Bloody Prepositions
Prepositions. That bloody little part of speech creeps in to control a noun or pronoun, devising relationships among phrases. Before strutting the last hour of October upon the stage, I will pluck back the shrouds of scary movies to reveal how the use of prepositions can determine whether writing is formal or informal. One rips out prepositions by their very sinews while the other jams them in like a deadly stake plunged into a vampire’s heart. Turn on all the lights, smile, and read on—if you dare.
On the Slab in the Lab: Formal vs. Informal Writing
Formal writing is Brad and Janet before they enter the castle: clean, exact, professional. Naively or intentionally, formal writing survives on standard English, complex sentences, adherence to grammar rules, and precise punctuation. Business communications, academic papers, and Dr. Scott’s science research all live and die by formal writing.
Enter the castle of informal writing, sometimes garishly punk like Dr. Frank-N-Furter’s teddy or familiar like a witch’s cat or warlock’s toad in casual and personal tone. It struts about in stilettos of slang and contractions, dipping into colloquial and dialectical, if not diabolical, language.
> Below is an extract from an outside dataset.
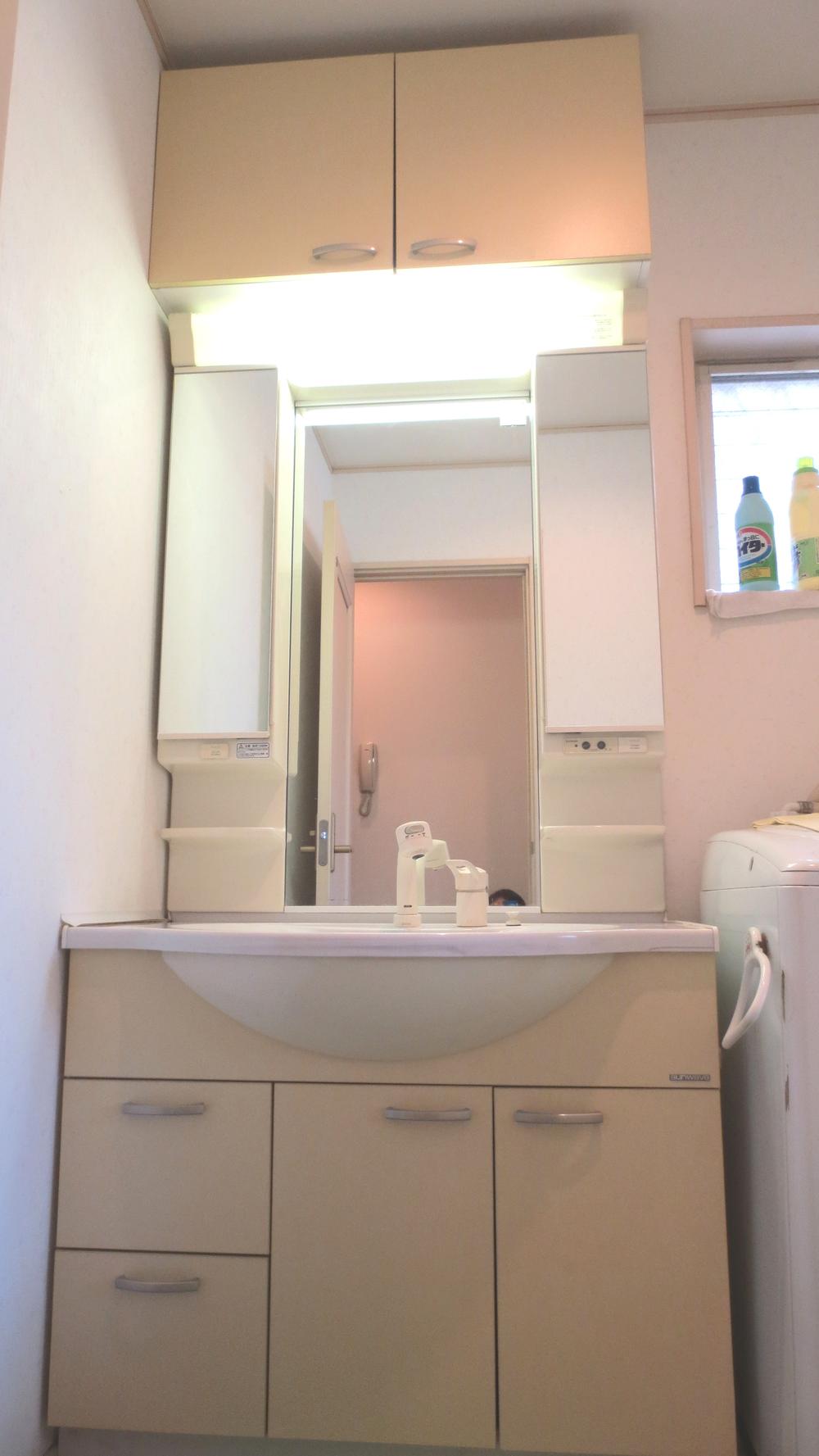 Wash basin, toilet. Indoor (10 May 2013) Shooting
Warning: To remain formal in writing is to use prepositions correctly, not simply as toys to torture the monster on the gurney. Nope!
Necessary “At”
As if political statements are not frightening enough, a U.S. Senator (whose identity will remain unrevealed) recently called for Americans to “look yourself in the mirror.” He heartlessly left the statement to fester and die from the lack of the preposition “at.” The proper exhortation is “look at yourself in the mirror.” And what mirror, sir? Surely not a black mirror or the Snow Queen’s mirror?!
Popular culture has transformed the frightened whisper in the dark “Where are you?” into “Where you at?” This proves that wearing a white hockey mask after Labor Day and/or ending a sentence with a preposition will not be the death of you (most of the time). However, tread carefully with this phrase! Use it judiciously, mostly when writing informal colloquial dialogue—at your own peril.
Sawed Off “Of”
A buzz saw through an arm chained to a radiator finds its equal in slashing the word “of” from between “couple” and a plural noun. Any about-to-be-next victim in the dark will scream about losing a “couple of friends” to the fiend in the forest or a “couple of fingers” to the witch in the cave or a “couple of toes” to the swamp monster under the muck. Only those muttering colloquial dialogue during the calm before the storm mutter “couple friends” or “couple fingers” or “couple toes.” No! Please! Don’t! Tear not the “of” away!
Beware, trick-or-treater… Inspect every treat in that “bag of candy” slung over your shoulder during your moonlit walk home. Check the condition of your “pair of pants” as you take your doomed shortcut through the cemetery. Don’t eliminate “of.” The coven sees all.
“On” the Day… or the Night
We will formally celebrate Halloween on Friday this year. Therefore, the neighborhood ghouls will formally celebrate Doorbell Night/Mischief Night/Cabbage Night after dark on Thursday. Vicious demons may try to eradicate the “on” before a day of the week in an adverbial phrase, but the spirits of the season will grant the right to do so only to those speaking or writing informally.
And so, my friends, call the book and repeat the Sanderson Sisters’ incantation:
Eye of newt and wing of bat! / Where your prepositions at?